Listed entries:

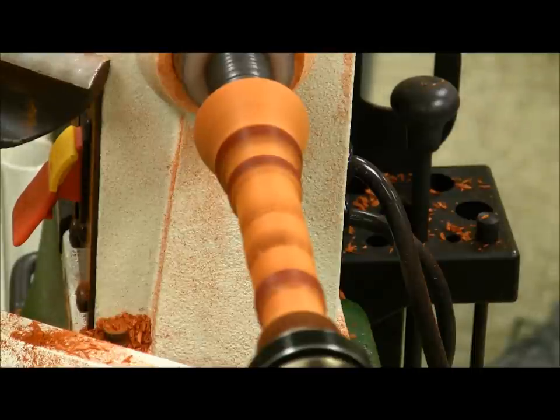I got this at Harbor Freight and this is a keyless chuck — I don't recommend it, because when you start sanding it keeps coming in, and if you put it in reverse it keeps coming out loose. So if you buy one, buy the orange one that takes the key.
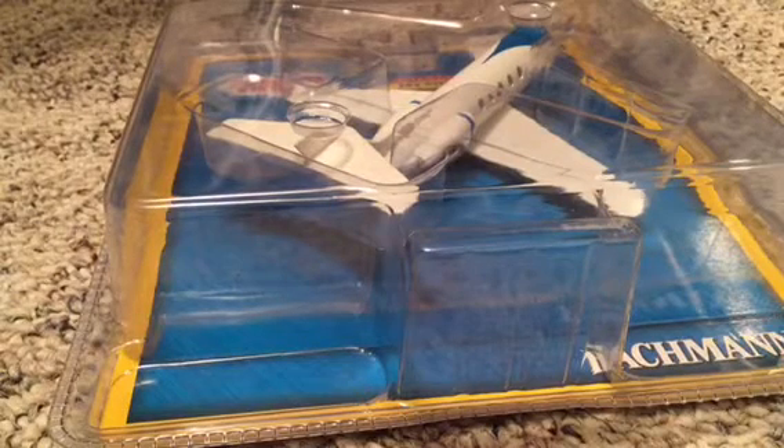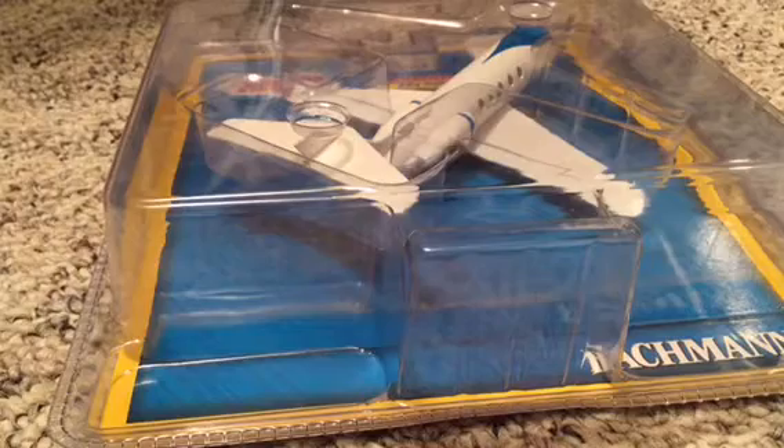What's up guys, HenryNWR3 here with a new video for you today. Today we have the Bachmann Jeremy, which I was just recently able to acquire. It costs around $25, which is what I got him for. It's a really nice deal.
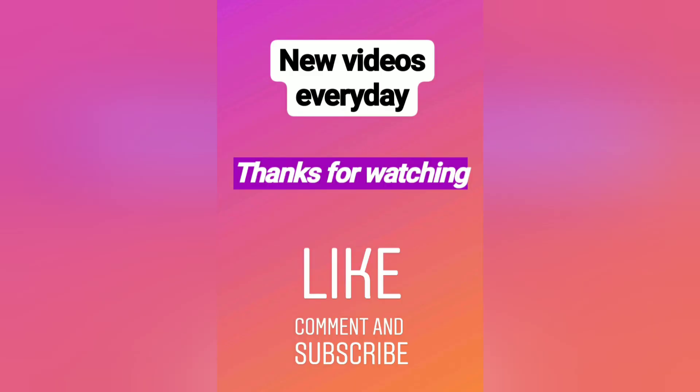Hope you will give it a try. Thanks for watching, and until next time — bye!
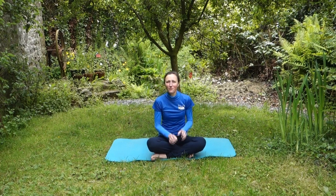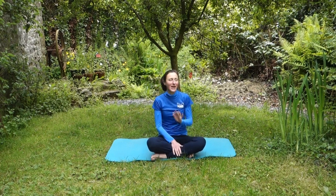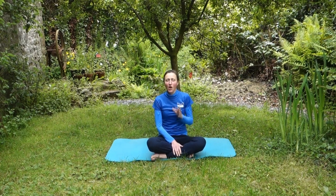Hi everyone. I am going to run through three really easy exercises that you can do every day if you want to or need to, that are going to help you improve the precision, control and position of your legs — and that is going to help you improve your leg aids.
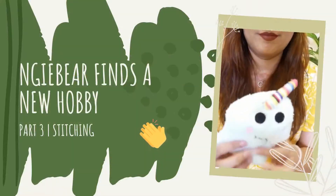Hi everyone! Welcome back to my channel. It is another exciting day, because today is part 3 of Anjibar Finds a New Hobby.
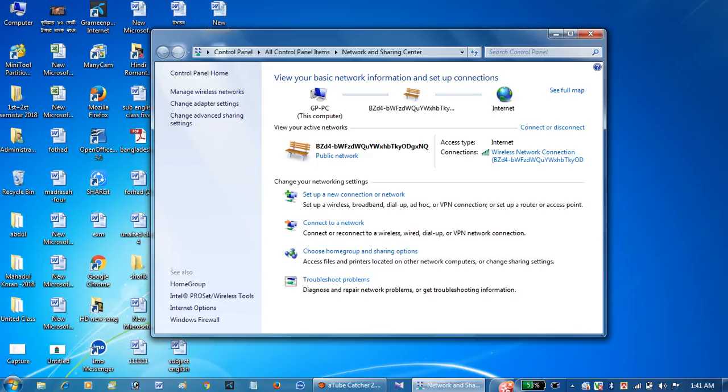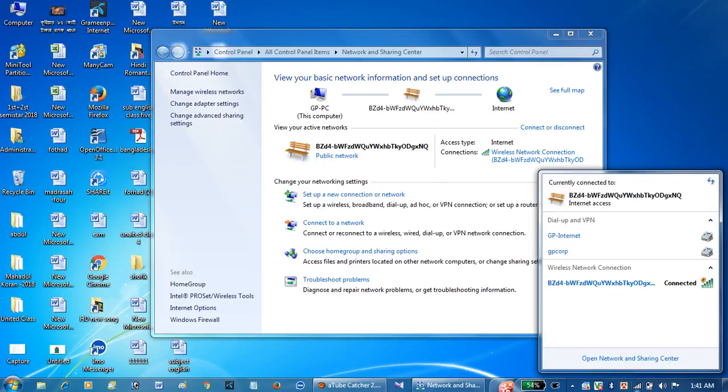Automatically connected — that's it. I don't have to click on this. I'm connected to the flash.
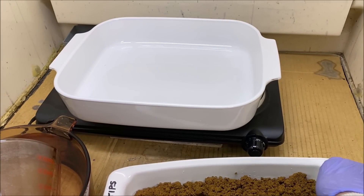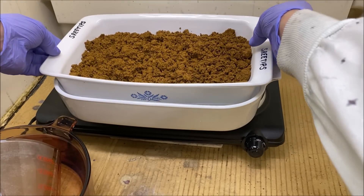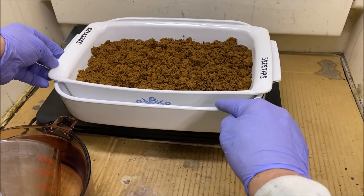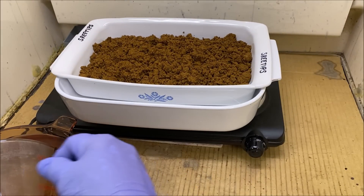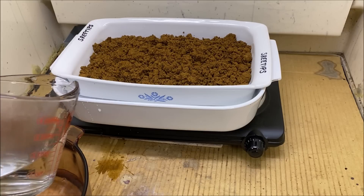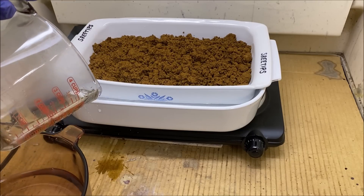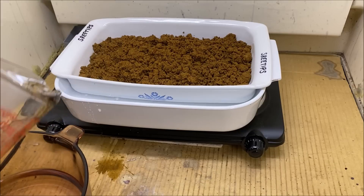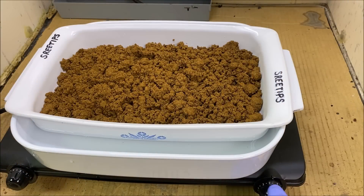Let's put our pan up inside this other pan — it fits in there nicely and gets held up off the bottom so we don't have direct contact. We're going to dry the gold off slowly with a water bath. We'll put this on time lapse and let it dry out real slow.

Goal of the exercise:
Retype each line of the listing above word for word. Exclude the pictures.

Response to this task:
I got this at Harbor Freight and this is a keyless chuck — I don't recommend it, because when you start sanding it keeps coming in, and if you put it in reverse it keeps coming out loose. So if you buy one, buy the orange one that takes the key.
What's up guys, HenryNWR3 here with a new video for you today. Today we have the Bachmann Jeremy, which I was just recently able to acquire. It costs around $25, which is what I got him for. It's a really nice deal.
Hope you will give it a try. Thanks for watching, and until next time — bye!
Hi everyone. I am going to run through three really easy exercises that you can do every day if you want to or need to, that are going to help you improve the precision, control and position of your legs — and that is going to help you improve your leg aids.
Hi everyone! Welcome back to my channel. It is another exciting day, because today is part 3 of Anjibar Finds a New Hobby.
Automatically connected — that's it. I don't have to click on this. I'm connected to the flash.
Let's put our pan up inside this other pan — it fits in there nicely and gets held up off the bottom so we don't have direct contact. We're going to dry the gold off slowly with a water bath. We'll put this on time lapse and let it dry out real slow.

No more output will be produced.